*Exercise description*. From the entries that follow, copy exactly the lines beginning at the line holding "Hotel A Pamplona Exterior photo" and continuing through the line holding "2pc MARC Marc".

*Records shown*.
------------------------------------------------

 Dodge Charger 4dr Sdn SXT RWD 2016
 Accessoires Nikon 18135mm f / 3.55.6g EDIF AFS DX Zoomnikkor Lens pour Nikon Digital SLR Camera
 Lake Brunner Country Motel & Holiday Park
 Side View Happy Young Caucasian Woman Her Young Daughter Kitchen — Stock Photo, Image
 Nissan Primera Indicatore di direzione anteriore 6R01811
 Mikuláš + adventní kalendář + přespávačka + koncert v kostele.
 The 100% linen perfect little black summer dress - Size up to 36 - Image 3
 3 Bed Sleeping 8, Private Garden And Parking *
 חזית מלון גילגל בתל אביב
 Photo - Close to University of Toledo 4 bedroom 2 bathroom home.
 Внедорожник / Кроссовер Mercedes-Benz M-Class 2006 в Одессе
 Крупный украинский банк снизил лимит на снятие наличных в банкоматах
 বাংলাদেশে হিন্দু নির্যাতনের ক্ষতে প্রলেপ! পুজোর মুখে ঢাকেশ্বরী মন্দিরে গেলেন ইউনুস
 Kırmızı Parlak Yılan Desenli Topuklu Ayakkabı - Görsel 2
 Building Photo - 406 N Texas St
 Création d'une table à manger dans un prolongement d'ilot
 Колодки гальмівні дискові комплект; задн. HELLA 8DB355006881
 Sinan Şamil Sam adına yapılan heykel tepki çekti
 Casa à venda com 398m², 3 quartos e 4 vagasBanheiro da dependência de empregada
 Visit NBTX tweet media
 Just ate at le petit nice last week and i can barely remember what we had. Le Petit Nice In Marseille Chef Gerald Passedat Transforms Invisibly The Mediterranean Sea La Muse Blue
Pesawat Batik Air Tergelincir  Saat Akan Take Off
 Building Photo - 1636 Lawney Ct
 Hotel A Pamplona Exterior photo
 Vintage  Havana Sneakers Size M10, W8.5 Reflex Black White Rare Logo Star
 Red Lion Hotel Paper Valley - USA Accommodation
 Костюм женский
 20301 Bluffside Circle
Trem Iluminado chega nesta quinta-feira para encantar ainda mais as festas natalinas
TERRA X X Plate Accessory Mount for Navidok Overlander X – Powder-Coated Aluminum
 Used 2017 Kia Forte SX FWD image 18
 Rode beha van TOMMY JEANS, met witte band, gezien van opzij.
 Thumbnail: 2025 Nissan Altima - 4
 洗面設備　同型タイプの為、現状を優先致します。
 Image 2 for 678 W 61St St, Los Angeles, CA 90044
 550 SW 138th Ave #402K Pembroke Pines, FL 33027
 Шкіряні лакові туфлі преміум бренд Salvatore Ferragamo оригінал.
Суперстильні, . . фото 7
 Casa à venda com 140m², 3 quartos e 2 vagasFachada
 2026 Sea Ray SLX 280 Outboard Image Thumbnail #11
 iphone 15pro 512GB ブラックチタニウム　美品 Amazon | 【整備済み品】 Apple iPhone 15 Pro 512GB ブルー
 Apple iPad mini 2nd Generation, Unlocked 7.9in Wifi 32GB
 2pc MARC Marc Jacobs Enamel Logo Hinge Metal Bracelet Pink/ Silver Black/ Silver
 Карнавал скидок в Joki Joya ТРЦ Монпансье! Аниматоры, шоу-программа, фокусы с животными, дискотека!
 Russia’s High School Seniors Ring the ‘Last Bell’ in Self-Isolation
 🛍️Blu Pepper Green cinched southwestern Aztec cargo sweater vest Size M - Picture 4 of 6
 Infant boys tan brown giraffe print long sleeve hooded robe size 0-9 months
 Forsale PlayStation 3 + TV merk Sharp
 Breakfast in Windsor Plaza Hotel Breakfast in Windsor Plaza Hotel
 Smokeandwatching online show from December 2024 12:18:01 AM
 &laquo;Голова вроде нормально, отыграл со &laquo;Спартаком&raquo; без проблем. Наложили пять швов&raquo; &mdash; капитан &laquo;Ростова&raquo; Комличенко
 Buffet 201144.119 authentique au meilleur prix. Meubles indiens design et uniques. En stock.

------------------------------------------------

*Reply*.
 Hotel A Pamplona Exterior photo
 Vintage  Havana Sneakers Size M10, W8.5 Reflex Black White Rare Logo Star
 Red Lion Hotel Paper Valley - USA Accommodation
 Костюм женский
 20301 Bluffside Circle
Trem Iluminado chega nesta quinta-feira para encantar ainda mais as festas natalinas
TERRA X X Plate Accessory Mount for Navidok Overlander X – Powder-Coated Aluminum
 Used 2017 Kia Forte SX FWD image 18
 Rode beha van TOMMY JEANS, met witte band, gezien van opzij.
 Thumbnail: 2025 Nissan Altima - 4
 洗面設備　同型タイプの為、現状を優先致します。
 Image 2 for 678 W 61St St, Los Angeles, CA 90044
 550 SW 138th Ave #402K Pembroke Pines, FL 33027
 Шкіряні лакові туфлі преміум бренд Salvatore Ferragamo оригінал.
Суперстильні, . . фото 7
 Casa à venda com 140m², 3 quartos e 2 vagasFachada
 2026 Sea Ray SLX 280 Outboard Image Thumbnail #11
 iphone 15pro 512GB ブラックチタニウム　美品 Amazon | 【整備済み品】 Apple iPhone 15 Pro 512GB ブルー
 Apple iPad mini 2nd Generation, Unlocked 7.9in Wifi 32GB
 2pc MARC Marc Jacobs Enamel Logo Hinge Metal Bracelet Pink/ Silver Black/ Silver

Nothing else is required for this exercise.